Here’s a comparison of per-capita GDP for Mauritius, India, and Madagascar (I include India because that the country with the most similar people and culture and I include Madagascar because it is geographically closest).
It goes without saying that Mauritius has outperformed the other two nations because it has much more economic liberty, ranking #17 in the world, much better than India (#84) or Madagascar (#116).
But the purpose of today’s column is not to shower Mauritius with uncritical praise.

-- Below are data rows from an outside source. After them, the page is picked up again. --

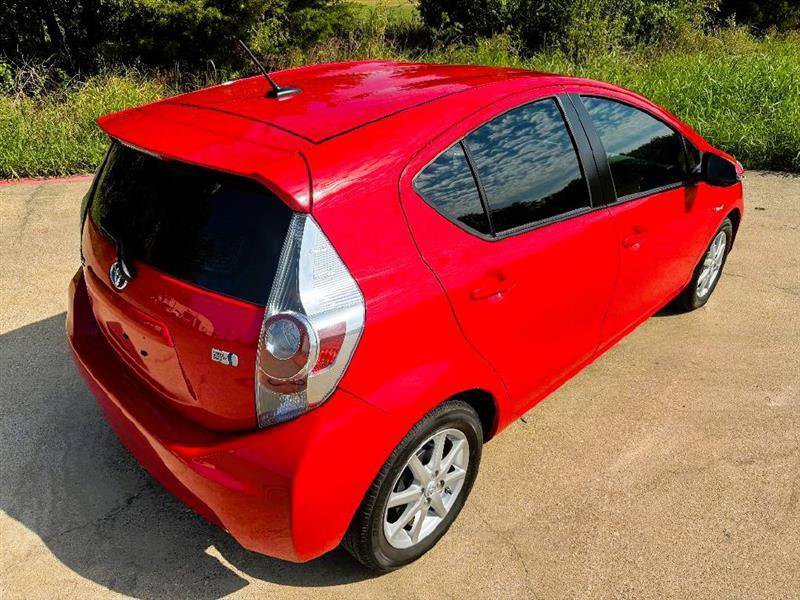 Used 2012 Toyota Prius C Three FWD image 6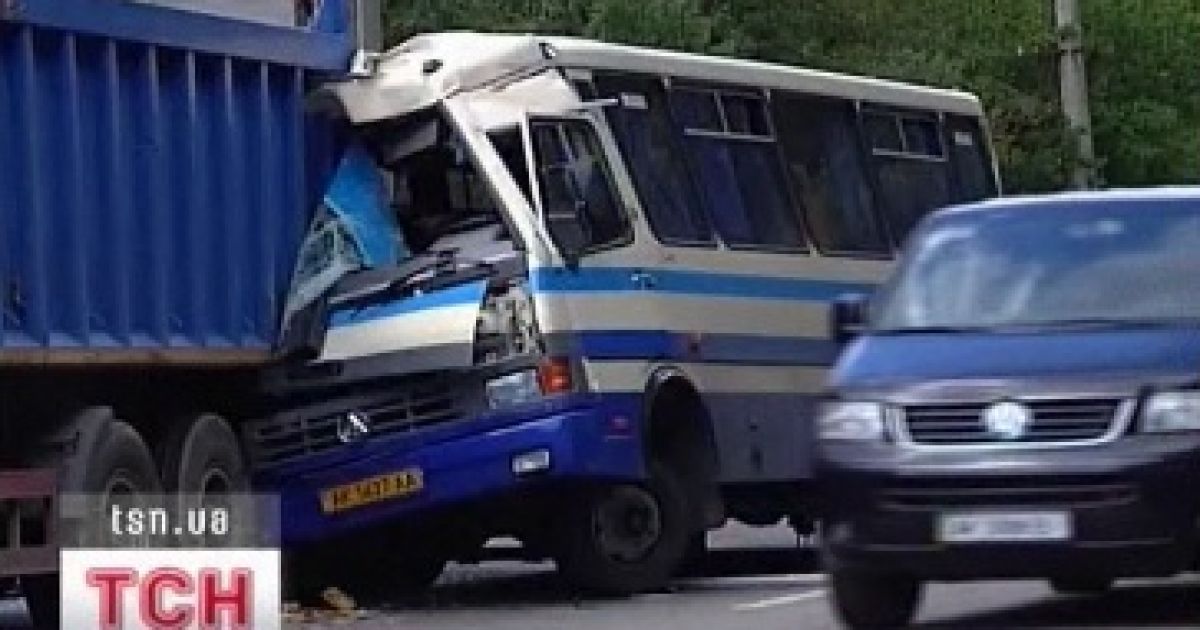Кабіна автобуса пробила кузов вантажівки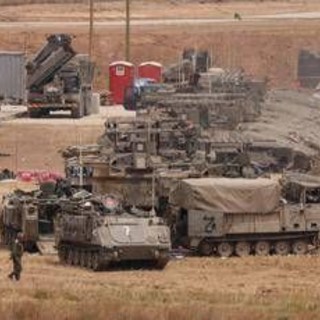 Israele: &quot;Attacco senza precedenti, via dal sud della Striscia di Gaza&quot;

The country may be slipping. Back in 2018 and 2019, it ranked #9 for economic liberty compared to #17 today. And it didn’t fall because other nations got better. It’s economic liberty score has dropped in absolute terms, from 8.18 to 7.79 (on a 0-10 scale).
The Economist recently wrote about Mauritius hitting a bump in the road. Here are some excerpts.
…in 1968…it was as poor as the average African country. A Nobel economics laureate reckoned the “outlook for peaceful development” was “poor”… Yet today it has Africa’s second-highest GDP per person at around $12,000, eight times the African average, behind only tiny Seychelles. …But trouble is in the air. …Under the previous government handouts became the norm: cash for new mothers; phone credit for 18- to 25-year-olds; an obligation for firms to pay an extra end-of-year bonus. The ratio of public debt to GDP this year will be 90%. The budget deficit is expected to widen to 6.6% of GDP. A local investor notes that the former finance minister was educated in France and “it was as if he was running the French state”.
This probably won’t surprise readers, but the “previous government” that made all the mistakes was headed by prime ministers from the Militant Socialist Party.
No wonder things have gone downhill.
Since I’m a fiscal wonk, I’ll close out today’s column with a very worrisome chart based on IMF data.
As you can see, there’s been a substantial increase in both the spending burden and tax burden in Mauritius.